== What is being asked ==
Return the listing below exactly, with the pictures dropped.

(Beginning of Input data)

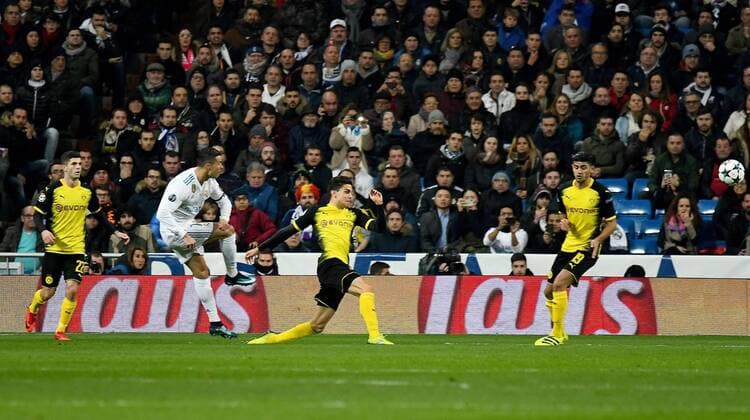 06 12 2017 xfux Football Champions League Real Madrid Borussia Dortmund emspor v Cristiano Ronaldo Real Madrid Marc Bartra Borussia Dortmund Goal scored the goal to 2 0 Madrid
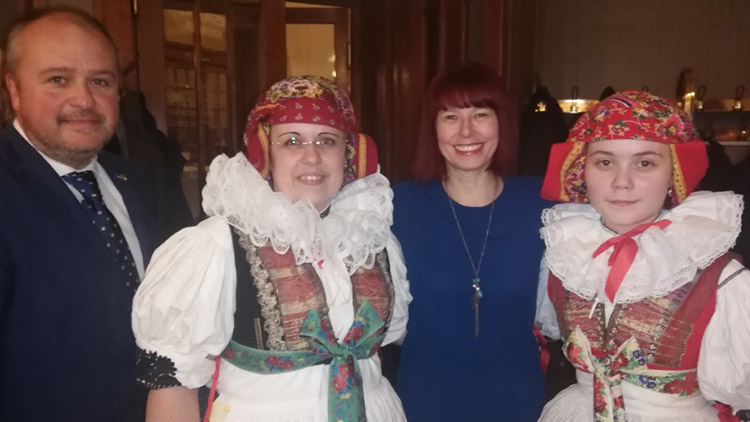 Plesající náměstkyně zdravila  maturanty a tančila s Mánesem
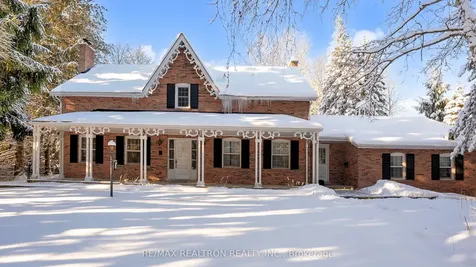 8 Blue Grass Drive Aurora ON L4G 6W4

(End of Input data)

== Task response ==
 06 12 2017 xfux Football Champions League Real Madrid Borussia Dortmund emspor v Cristiano Ronaldo Real Madrid Marc Bartra Borussia Dortmund Goal scored the goal to 2 0 Madrid
 Plesající náměstkyně zdravila  maturanty a tančila s Mánesem
 8 Blue Grass Drive Aurora ON L4G 6W4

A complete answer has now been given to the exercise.